## Short descriptive text snippets
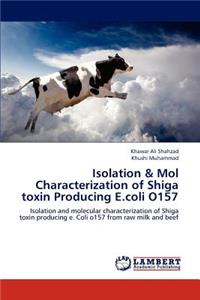 Isolation & Mol Characterization of Shiga toxin Producing E.coli O157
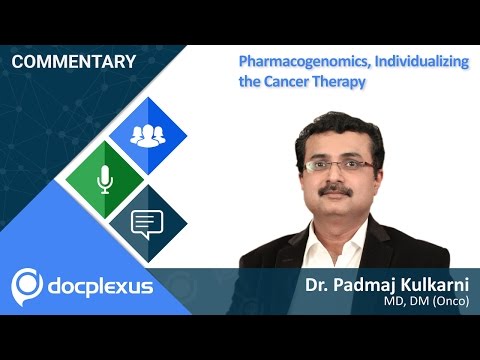 Pharmacogenomics, Individualizing The Cancer Therapy With Dr. Padmaj Kulkarni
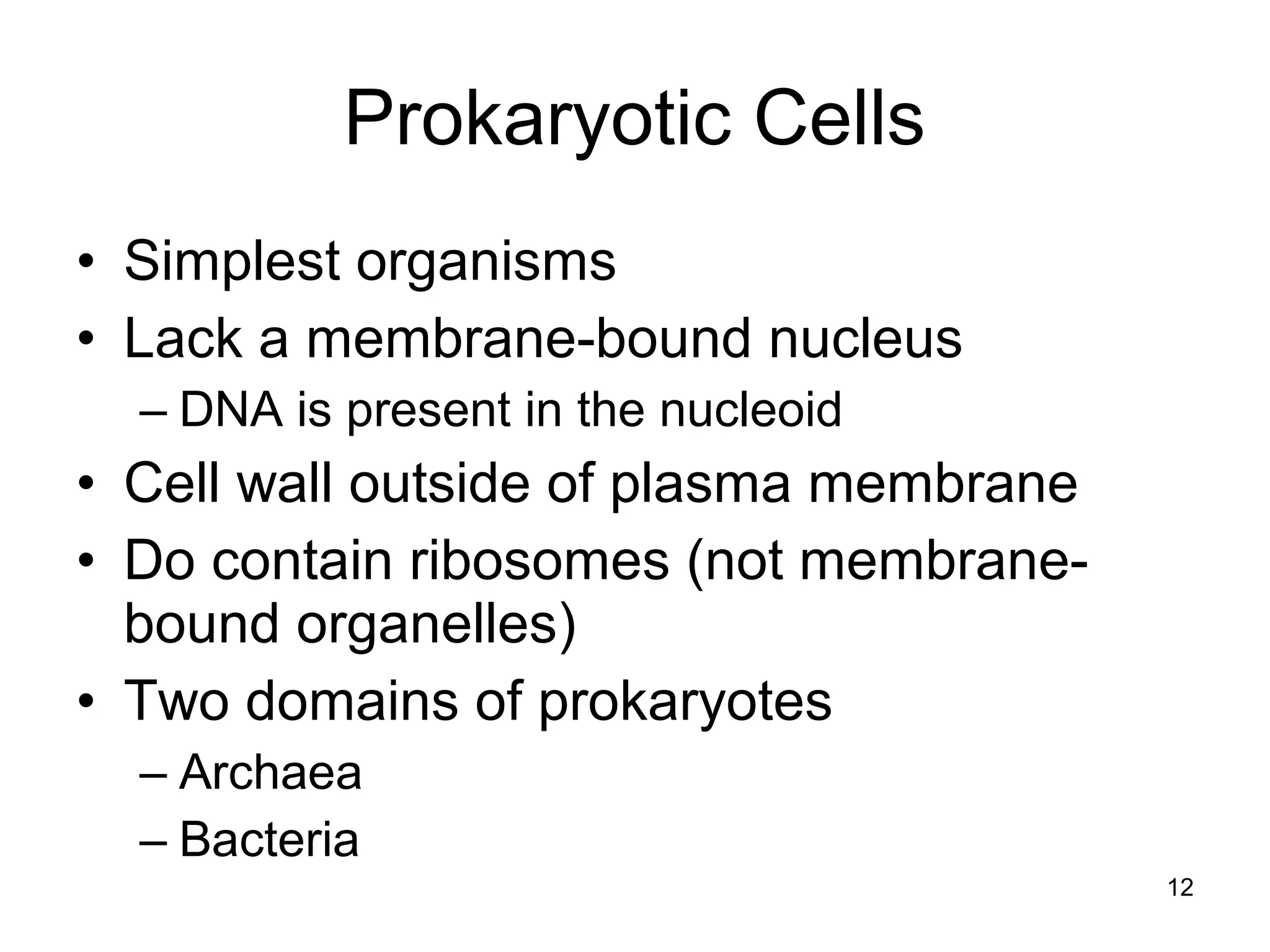 12
Prokaryotic Cells
• Simplest organisms
• Lack a membrane-bound nucleus
– DNA is present in the nucleoid
• Cell wall outside of plasma membrane
• Do contain ribosomes (not membrane-
bound organelles)
• Two domains of prokaryotes
– Archaea
– Bacteria
 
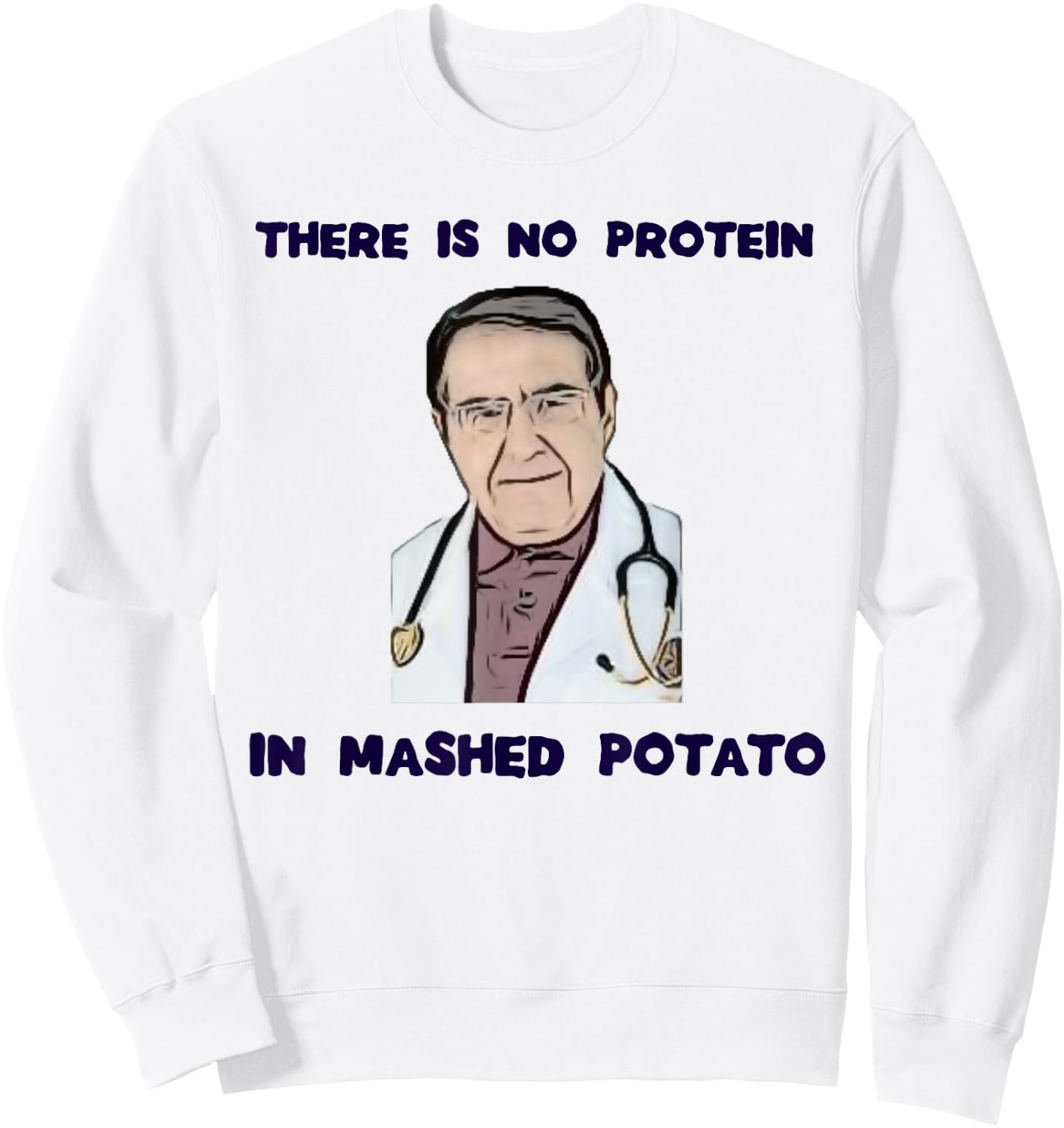 NO protein in mashed potato now dr diet life doctor shirt Sweatshirt - Sweatshirt | White
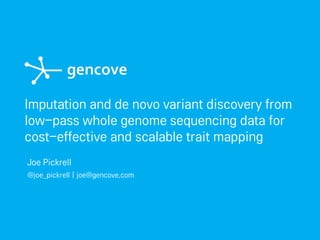 Imputation and de novo variant discovery from
low-pass whole genome sequencing data for
cost-effective and scalable trait mapping
Joe Pickrell
@joe_pickrell | joe@gencove.com
 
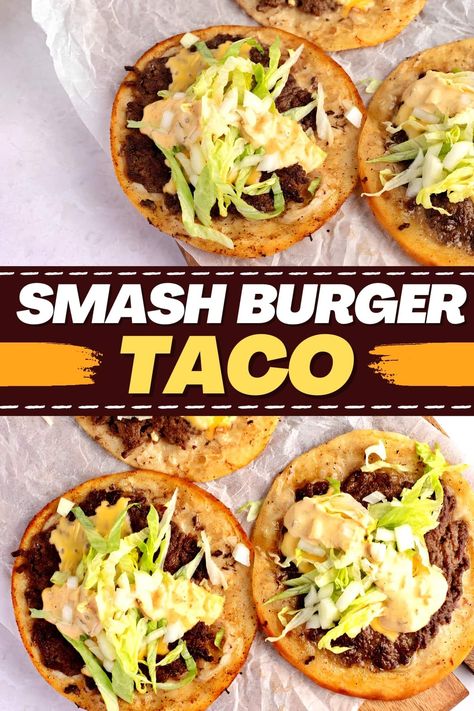 This viral smash burger taco recipe is so irresistible! Two favorite dishes come together in a mashup that's totally over the top! Burger Taco Recipe, Burger Tacos, Taco Burger, Hamburger Recipe, Viral Recipes, Smash Burgers, Fast Meals, Beef Round, Meat Pies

## Task to carry out
Ignoring the pictures, write out word for word only the lines from the one containing "Prokaryotic Cells" through the last line of the data, both ends included.

## Result of this task
Prokaryotic Cells
• Simplest organisms
• Lack a membrane-bound nucleus
– DNA is present in the nucleoid
• Cell wall outside of plasma membrane
• Do contain ribosomes (not membrane-
bound organelles)
• Two domains of prokaryotes
– Archaea
– Bacteria
 
 NO protein in mashed potato now dr diet life doctor shirt Sweatshirt - Sweatshirt | White
 Imputation and de novo variant discovery from
low-pass whole genome sequencing data for
cost-effective and scalable trait mapping
Joe Pickrell
@joe_pickrell | joe@gencove.com
 
 This viral smash burger taco recipe is so irresistible! Two favorite dishes come together in a mashup that's totally over the top! Burger Taco Recipe, Burger Tacos, Taco Burger, Hamburger Recipe, Viral Recipes, Smash Burgers, Fast Meals, Beef Round, Meat Pies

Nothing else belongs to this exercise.